(To do)
Only the lines from the one holding "Never Too Old" to the end of the data should be echoed, exactly as they appear, minus the pictures.
'''
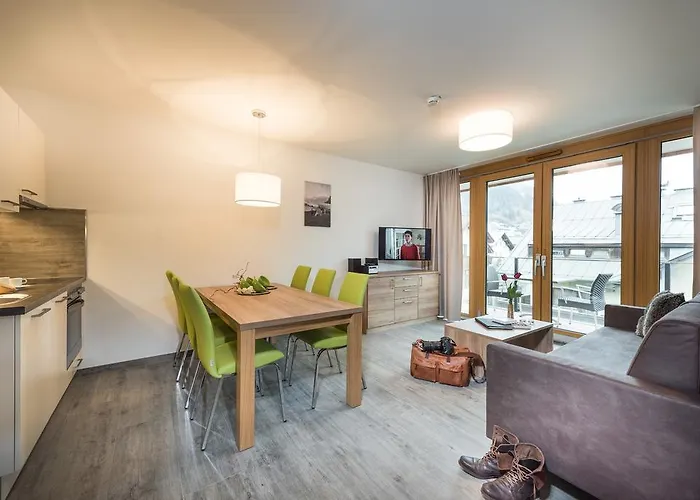 Alpenparks & Zell Am Aparthotel 4*
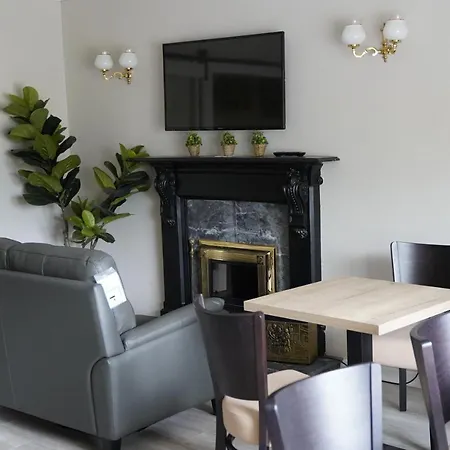 Slieve Bloom Manor Hostel-2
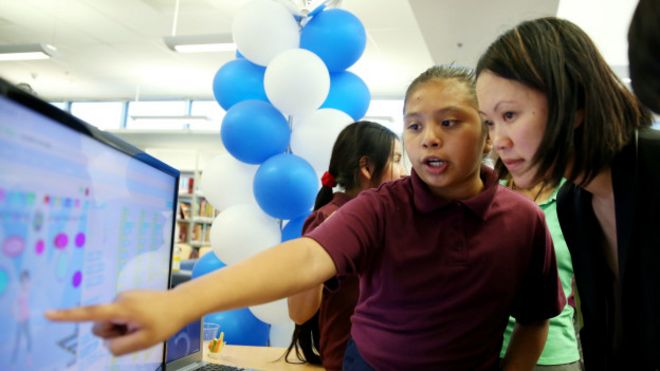Niña con computadora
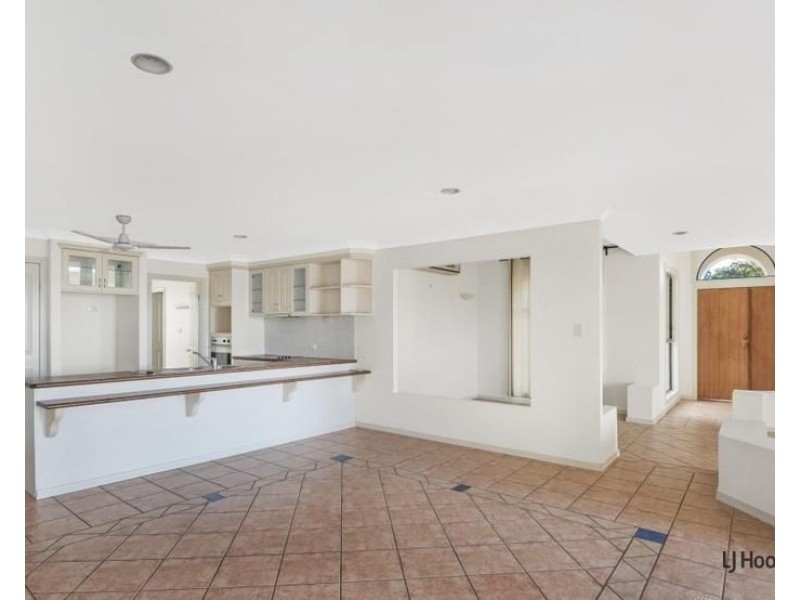 16 Leopard Avenue, Elanora QLD 4221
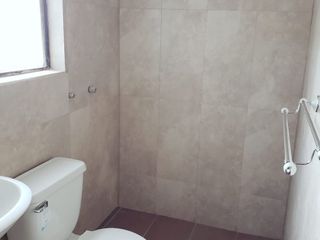 Foto 11 de Propiedad de venta ubicada en el Condado de oportunidad dos departamentos ,más local comercial $152.000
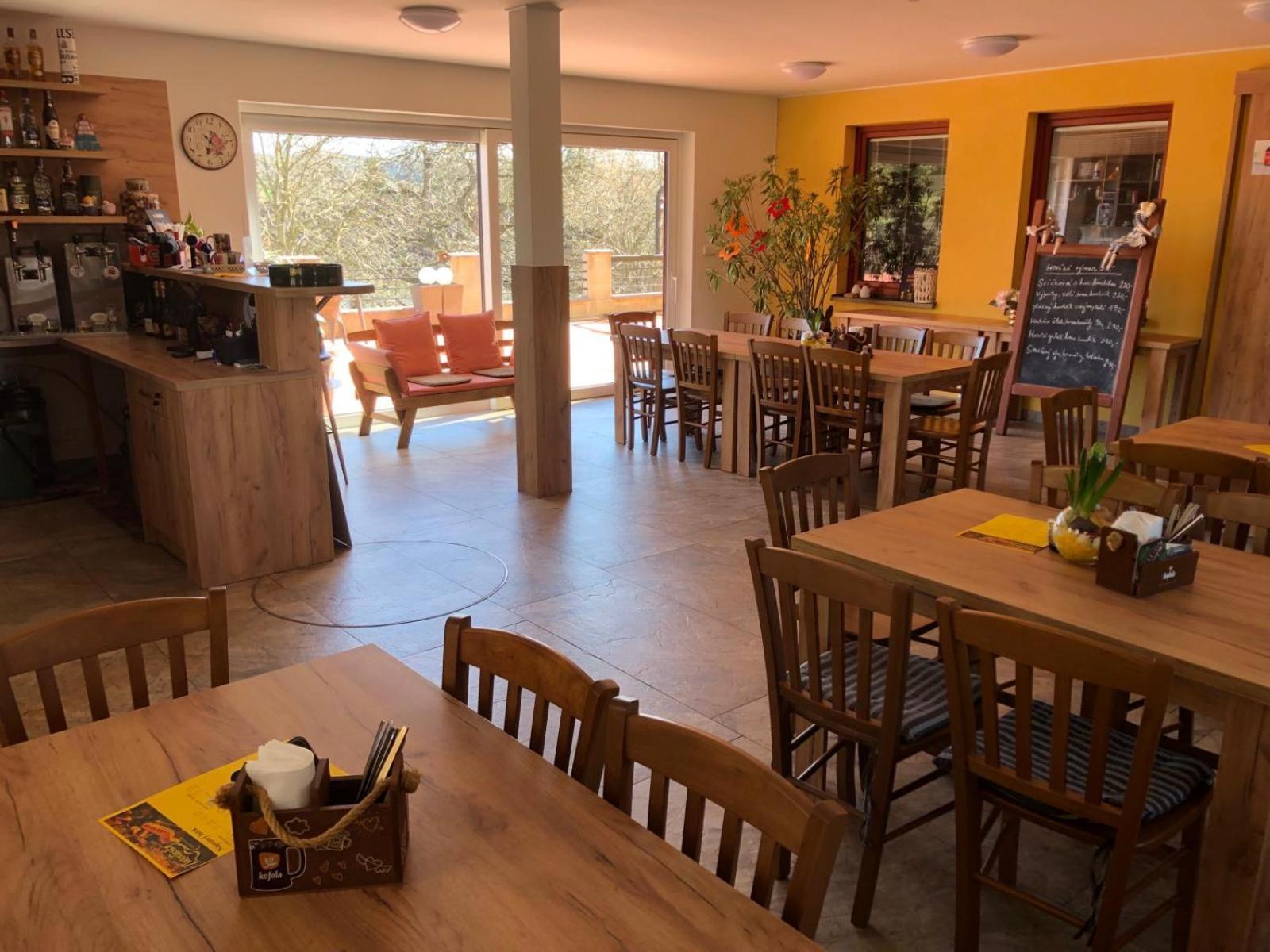 Penzion A Restaurace Zlatovlaska U Zamku Cervena Lhota Jizna エクステリア 写真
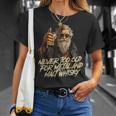 Never Too Old For Metal And Malt Whisky Rocker T-Shirt Geschenke für Sie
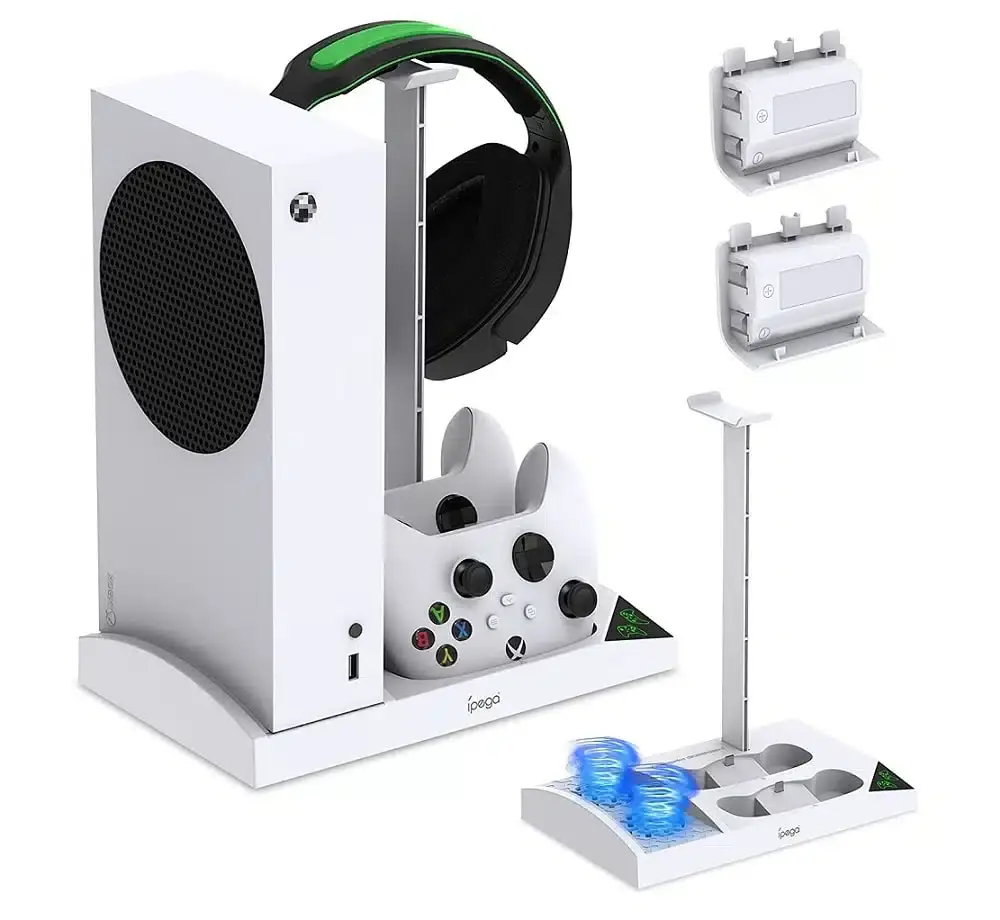 Esta base para Xbox Series S tiene ventiladores, espacios de carga para mandos y soporte de auriculares 109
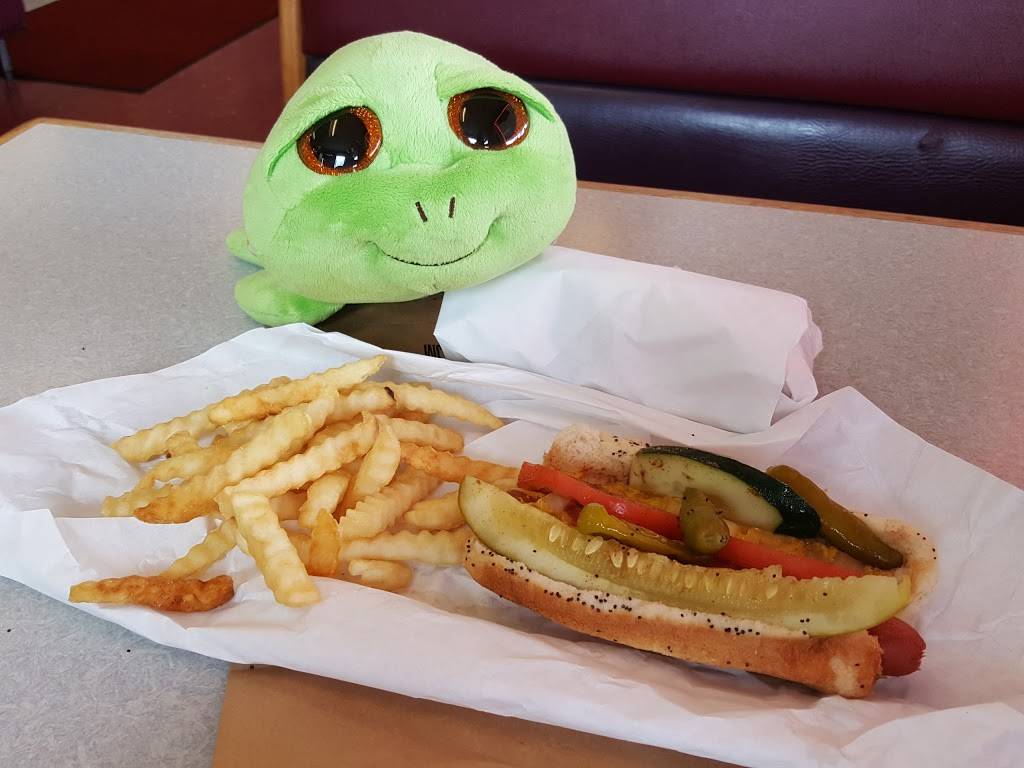 Mandinos | restaurant | 406 N Lake Ave, Twin Lakes, WI 53181, USA | 2628773647 OR +1 262-877-3647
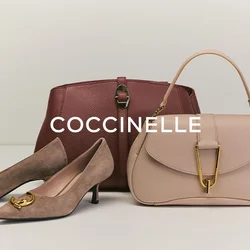 Paar braune Wildlederschuhe mit niedrigem Absatz und goldener Schnalle, braune Ledertasche mit Verschluss und beige Handtasche mit goldener Schnalle auf weißer Oberfläche.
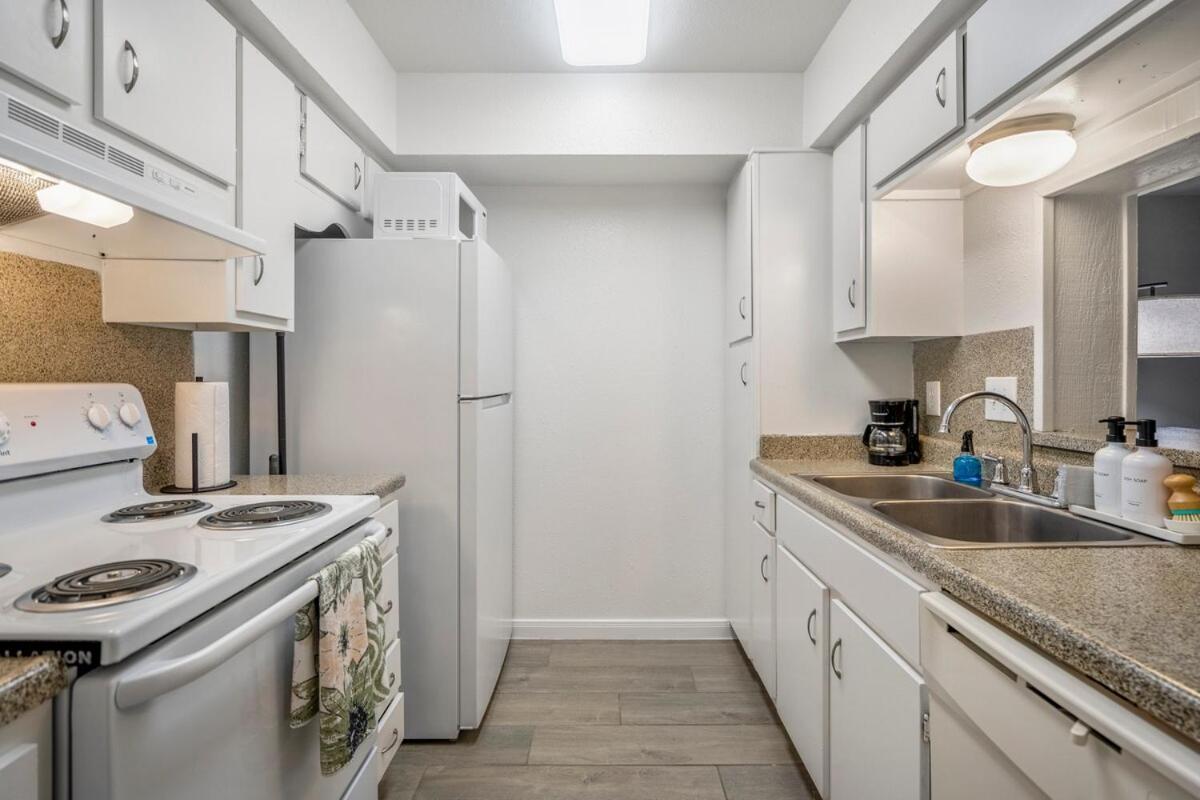 Towne Plaza #111 In The Galleria Area Apartment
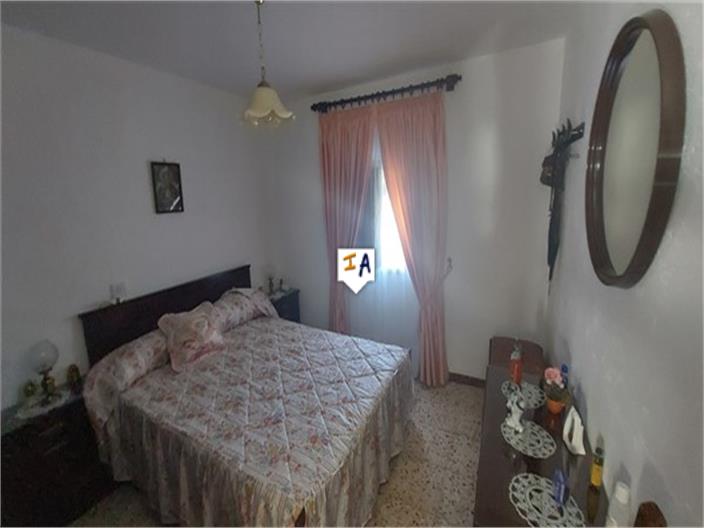 Image No.9-6 Bed Farmhouse for sale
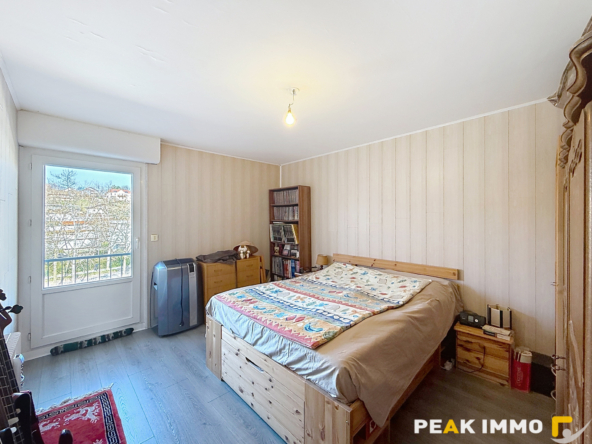 Exclusivité - Les Clarines   64 m2 - balcon - 1 cave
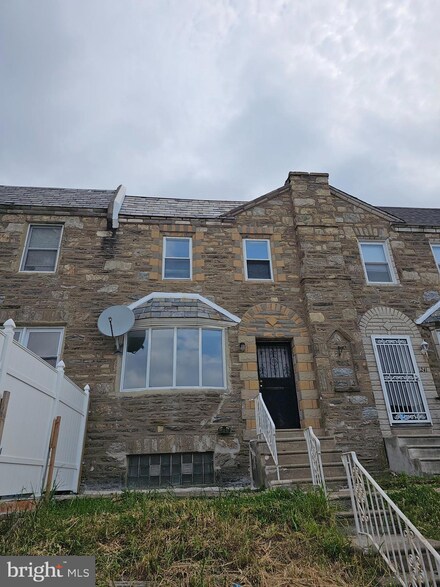 1239 Hellerman St, Philadelphia, PA 19111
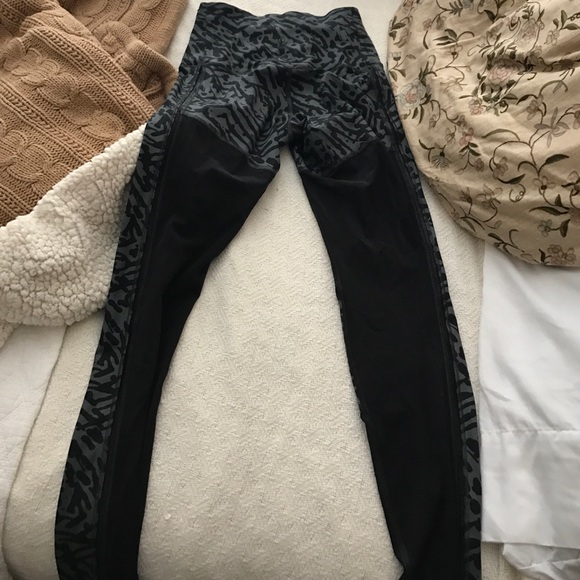 Lululemon workout pants - Picture 2 of 4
'''
(Your response)
 Never Too Old For Metal And Malt Whisky Rocker T-Shirt Geschenke für Sie
 Esta base para Xbox Series S tiene ventiladores, espacios de carga para mandos y soporte de auriculares 109
 Mandinos | restaurant | 406 N Lake Ave, Twin Lakes, WI 53181, USA | 2628773647 OR +1 262-877-3647
 Paar braune Wildlederschuhe mit niedrigem Absatz und goldener Schnalle, braune Ledertasche mit Verschluss und beige Handtasche mit goldener Schnalle auf weißer Oberfläche.
 Towne Plaza #111 In The Galleria Area Apartment
 Image No.9-6 Bed Farmhouse for sale
 Exclusivité - Les Clarines   64 m2 - balcon - 1 cave
 1239 Hellerman St, Philadelphia, PA 19111
 Lululemon workout pants - Picture 2 of 4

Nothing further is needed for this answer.